It's a pipeline which allows you to store scrapy items in a Solr server.
pip install scrapysolr
ITEM_PIPELINES = [
'scrapysolr.SolrPipeline',
]
SOLR_URL = 'http://urlofyoursolrserver/solr'
SOLR_MAPPING = {
'id': 'url',
'text': ['title', 'breadcrumbs', 'description'],
'description': 'description',
'keywords': 'breadcrumbs',
'price': 'price',
'title': 'title'
}
SOLR_IGNORE_DUPLICATES = True
SOLR_DUPLICATES_KEY_FIELDS = ['id']
The SOLR_MAPPING setting, maps your item's fields to Solr fields. Usually some transformations will be needed e.g. a url might be used as Solr id. You can use multiple Scrapy fields for a single Solr field as you can see in the 'text' mapping above. The 'text' happens to be the default field for the default Solr schema and as a result you can use it to simplify your queries (since you don't have to include the field if you want to match everything). SOLR_IGNORE_DUPLICATES and SOLR_DUPLICATES_KEY_FIELDS, the id keys to search for an existing entry, are used to only insert into Solr if the item is not already there. The key fields have to be defined as sources in the mapping.

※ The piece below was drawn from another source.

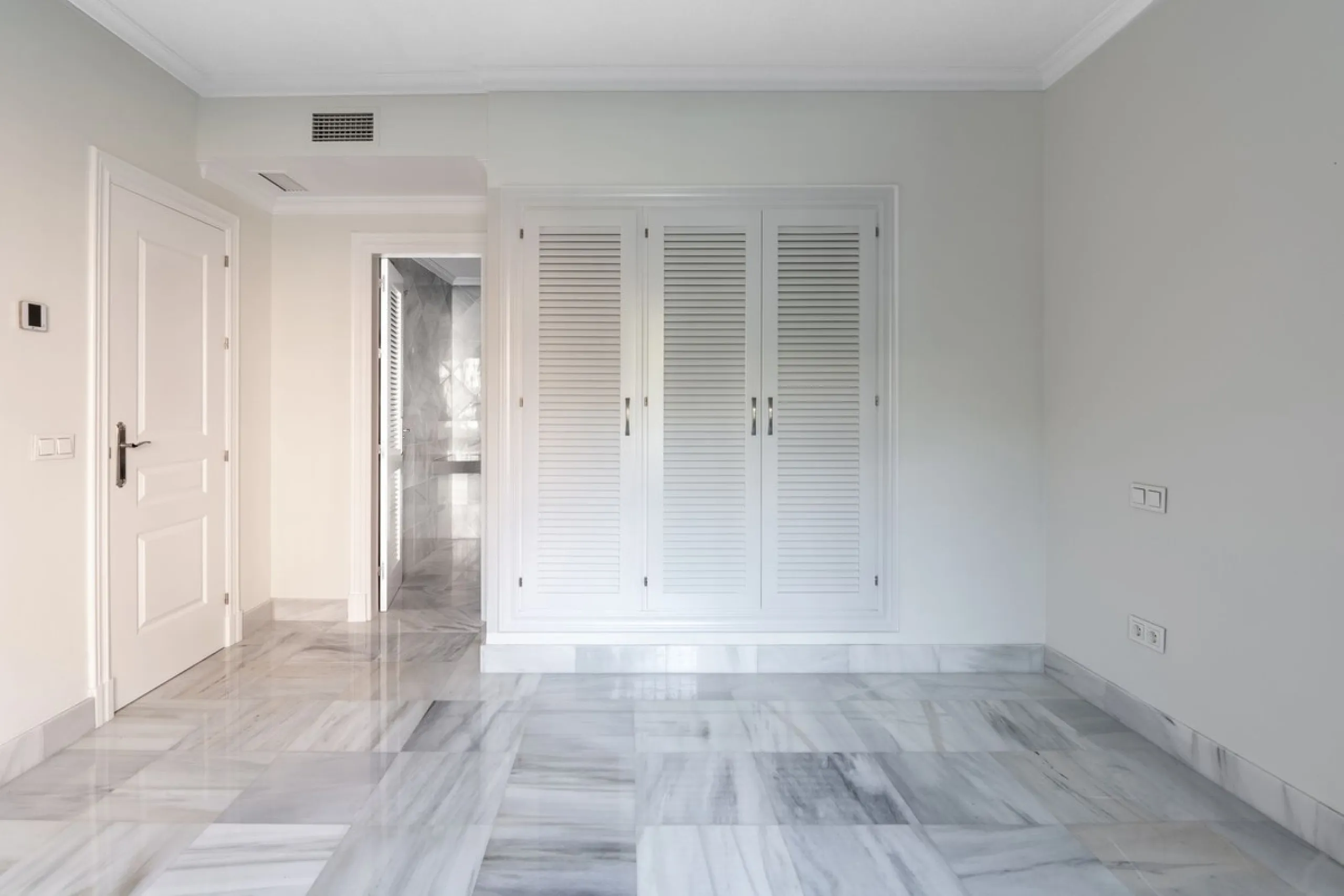 Take the opportunity to visit this....LOVELY SPACIOUS MONTE HALCONES 2 BEDROOM APARTMENT, within easy walk of several shops and restaurants and with easy access to San Pedro and Puerto Banús.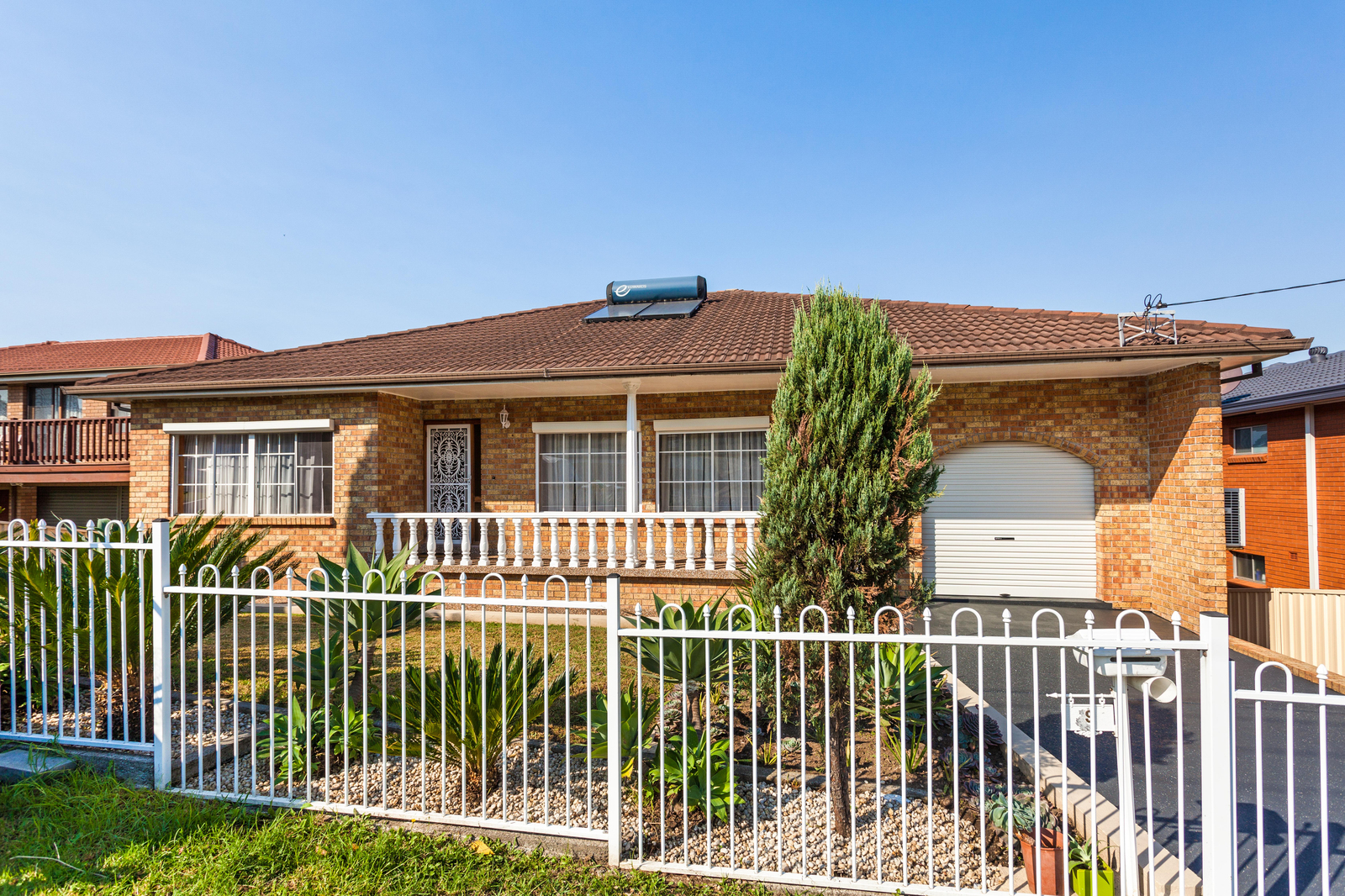 9 Burgess Avenue, Figtree NSW 2525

0.2.0 Ability to not override a Solr entry when the item is already present.
0.1.0 initial release
Copyright 2014 Dimitrios Kouzis-Loukas
Licensed under the Apache License, Version 2.0 (the "License"); you may not use this file except in compliance with the License. You may obtain a copy of the License at
http://www.apache.org/licenses/LICENSE-2.0
Unless required by applicable law or agreed to in writing, software distributed under the License is distributed on an "AS IS" BASIS, WITHOUT WARRANTIES OR CONDITIONS OF ANY KIND, either express or implied. See the License for the specific language governing permissions and limitations under the License.